From: "Jakub Kiciński" <moorray3@wp.pl>
To: Johannes Berg <johannes@sipsolutions.net>
Cc: Kalle Valo <kvalo@codeaurora.org>,
Felix Fietkau <nbd@openwrt.org>,
linux-wireless <linux-wireless@vger.kernel.org>,
Jakub Kicinski <kubakici@wp.pl>
Subject: Re: [PATCH 1/2] add mt7601u driver
Date: Tue, 5 May 2015 02:49:49 +0200 [thread overview]
Message-ID: <20150505024949.0a672dd1@north> (raw)
In-Reply-To: <1430734511.2013.18.camel@sipsolutions.net>
On Mon, 04 May 2015 12:15:11 +0200, Johannes Berg wrote:
> On Mon, 2015-05-04 at 12:04 +0200, Jakub Kiciński wrote:
>
> > > Don't know how your buffers are set up, but if the DMA engine consumes
> > > pages you could consider using paged RX instead of the memcpy().
> >
> > DMA engine can concatenate multiple frames into a single USB bulk
> > transfer to a large continuous buffer. There is no way to request
> > any alignment of the frames within that large buffer so I think paged
> > RX is not an option.
>
> You could probably still do it because the networking stack only
> requires the *headers* to be aligned. But if they headers aren't in the
> skb->data (skb->head) then they'll be pulled into that by the network
> stack, where they'll be aligned.
I *think* I got it. Would you care to take a look? I basically
allocate a compound page with dev_alloc_pages() and run get_page() for
every fragment.
------>8-----------------------------------
diff --git a/dma.c b/dma.c
index e865cf8384a5..a92993a64aeb 100644
--- a/dma.c
+++ b/dma.c
@@ -16,6 +16,9 @@
#include "usb.h"
#include "trace.h"
+static int mt7601u_submit_rx_buf(struct mt7601u_dev *dev,
+ struct mt7601u_dma_buf_rx *e, gfp_t gfp);
+
static unsigned int ieee80211_get_hdrlen_from_buf(const u8 *data, unsigned len)
{
const struct ieee80211_hdr *hdr = (const struct ieee80211_hdr *)data;
@@ -60,7 +63,7 @@ mt7601u_rx_process_seg(struct mt7601u_dev *dev, u8 *data, u32 seg_len)
{
struct sk_buff *skb;
struct mt7601u_rxwi *rxwi;
- u32 fce_info;
+ u32 true_len, fce_info;
/* DMA_INFO field at the beginning of the segment contains only some of
* the information, we need to read the FCE descriptor from the end.

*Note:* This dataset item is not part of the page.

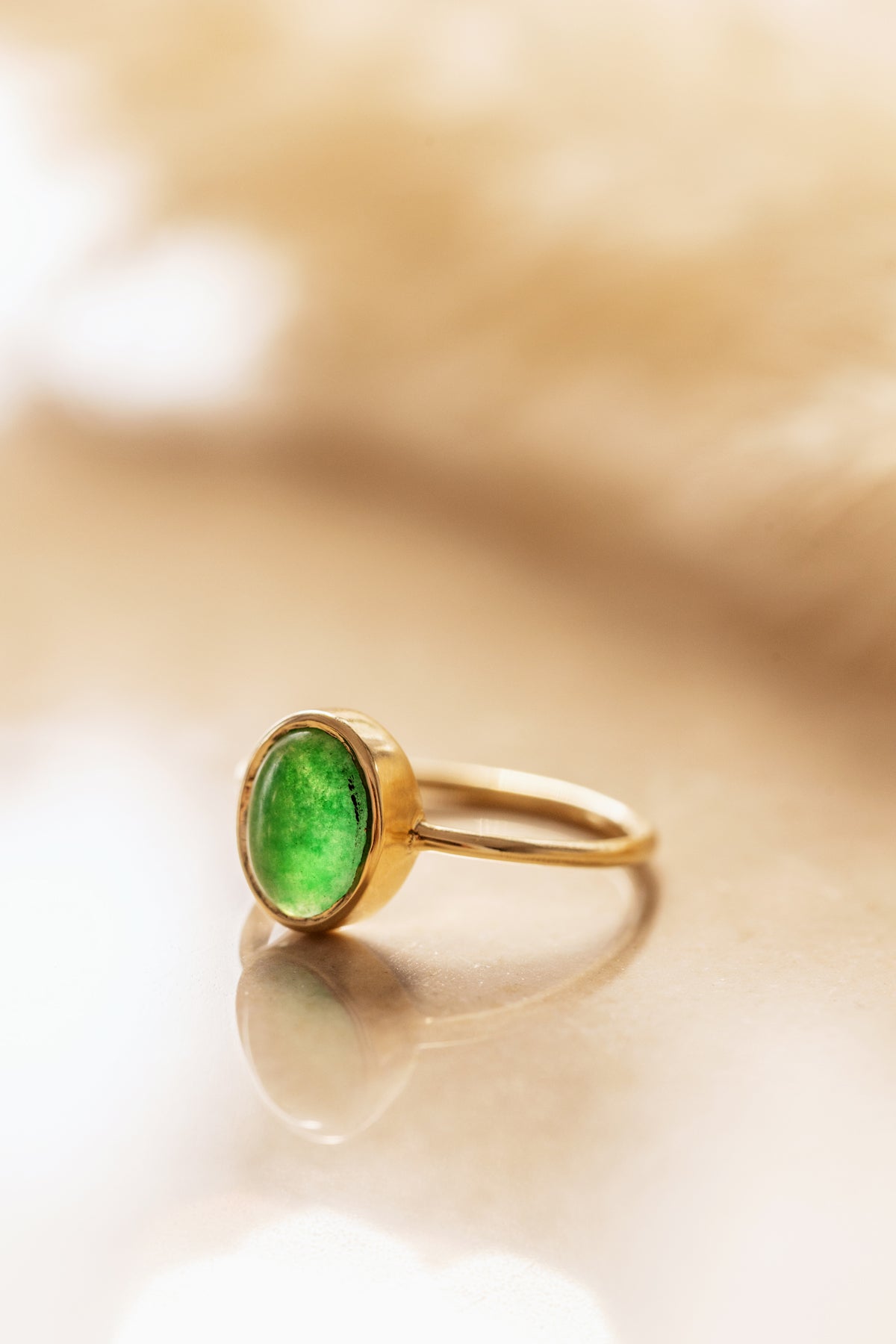 Green Jade in Solid 10K yellow Gold Ring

@@ -86,11 +89,81 @@ mt7601u_rx_process_seg(struct mt7601u_dev *dev, u8 *data, u32 seg_len)
if (!skb)
return;
- if (mt76_mac_process_rx(dev, skb, rxwi)) {
- dev_kfree_skb(skb);
- return;
+ true_len = mt76_mac_process_rx(dev, skb, skb->data, rxwi);
+ skb_trim(skb, true_len);
+
+ ieee80211_rx_ni(dev->hw, skb);
+}
+
+static void mt7601u_rx_add_frags(struct mt7601u_dev *dev, struct sk_buff *skb,
+ void *data, u32 true_len, u32 truesize,
+ struct page *p)
+{
+ unsigned long addr = (unsigned long) data;
+ u32 overpage = 0;
+ u32 p_off = (data - page_address(p)) >> PAGE_SHIFT;
+
+ if ((addr & ~PAGE_MASK) + true_len > PAGE_SIZE)
+ overpage = (addr & ~PAGE_MASK) + true_len - PAGE_SIZE;
+
+ skb_add_rx_frag(skb, skb_shinfo(skb)->nr_frags, p + p_off,
+ addr & ~PAGE_MASK, true_len - overpage, truesize);
+ get_page(p + p_off);
+
+ /* Do we really need to split the buffer if it crosses a page boundary?
+ * Does networking code care?
+ */
+ if (overpage) {
+ skb_add_rx_frag(skb, skb_shinfo(skb)->nr_frags, p + p_off + 1,
+ 0, overpage, 0);
+ get_page(p + p_off + 1);
+ }
+}
+
+static void mt7601u_rx_process_seg_paged(struct mt7601u_dev *dev, u8 *data,
+ u32 seg_len, struct page *p)
+{
+ struct sk_buff *skb;
+ struct mt7601u_rxwi *rxwi;
+ u32 true_len, fce_info, truesize = seg_len;
+
+ /* DMA_INFO field at the beginning of the segment contains only some of
+ * the information, we need to read the FCE descriptor from the end.
+ */
+ fce_info = get_unaligned_le32(data + seg_len - MT_FCE_INFO_LEN);
+ seg_len -= MT_FCE_INFO_LEN;
+
+ data += MT_DMA_HDR_LEN;
+ seg_len -= MT_DMA_HDR_LEN;
+
+ rxwi = (struct mt7601u_rxwi *) data;
+ data += sizeof(struct mt7601u_rxwi);
+ seg_len -= sizeof(struct mt7601u_rxwi);
+
+ if (unlikely(rxwi->zero[0] || rxwi->zero[1] || rxwi->zero[2]))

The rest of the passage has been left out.